CLAIMS SETTLED IN FX WHITTAKER EY CASE
The five-year saga over alleged $450m worth of accounting irregularities at Fuji Xerox in New Zealand, and later Australia is over, with the parties settling out of court.
The scandal came from the time Neil Whittaker was running first the New Zealand and then the Australian Fuji Xerox companies. Together with former NZ execs from that time, Whittaker was alleged by Fuji Xerox to be responsible for the huge losses. Fuji Xerox also sued the auditor EY, claiming that with former exec Mark Allbright, EY was responsible for $174.5m in unrecoverable intercompany advances.
The trio of execs were also being sued by Fuji Xerox for $3.7m in commissions and bonus payments which it said were made on overstated results. Former Fuji Xerox Australia director Devlin Bell and EY auditor Andy Lang have also had their cases settled.
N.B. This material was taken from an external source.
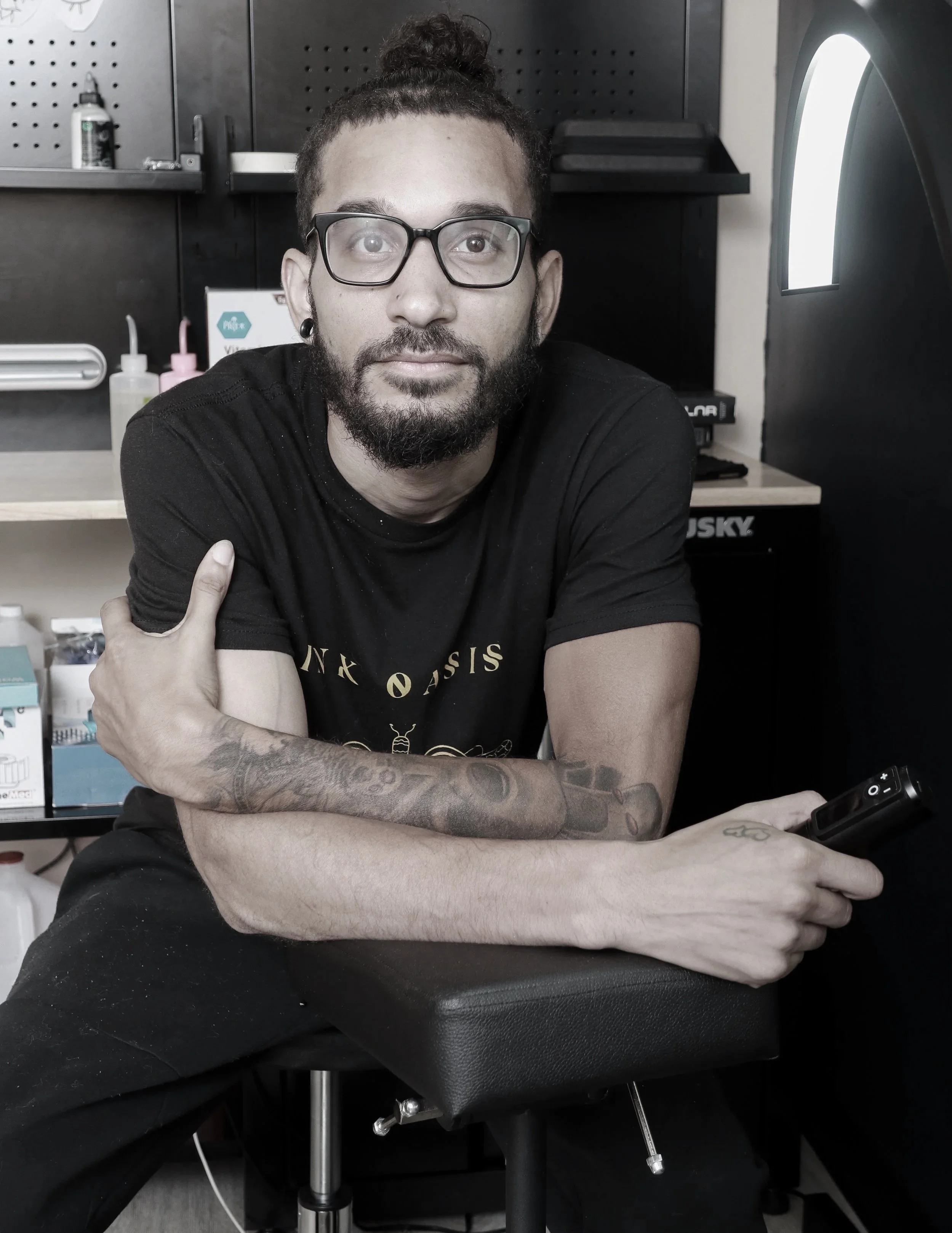 A man with glasses and a beard sitting on a tattoo chair, holding a tattoo machine, in a tattoo studio.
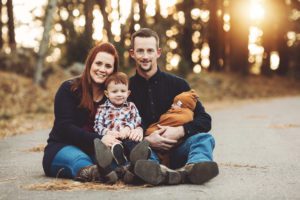 The Schlosser family cuddles their little boys atop a cold Mt. Lemmon during their family photo session in November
Whittaker was paid $1m to leave his job as managing director of Fuji Xerox Australia soon after the accounting irregularities were uncovered. He had been in the role for scarcely a year, following an 11-year stint as managing director of FX NZ.
According to the judge, the losses came as revenue streams were classified as finance leases rather than operating leases, and related mainly to managed services contracts.
The alleged scandal came to light when new auditor KPMG took over five years ago, and said Fuji Xerox NZ had incurred significant trading losses, which led to retained losses of NZ$376m. The company said the loss to shareholder equity as a result was NZ$317m in New Zealand and $145m in Australia.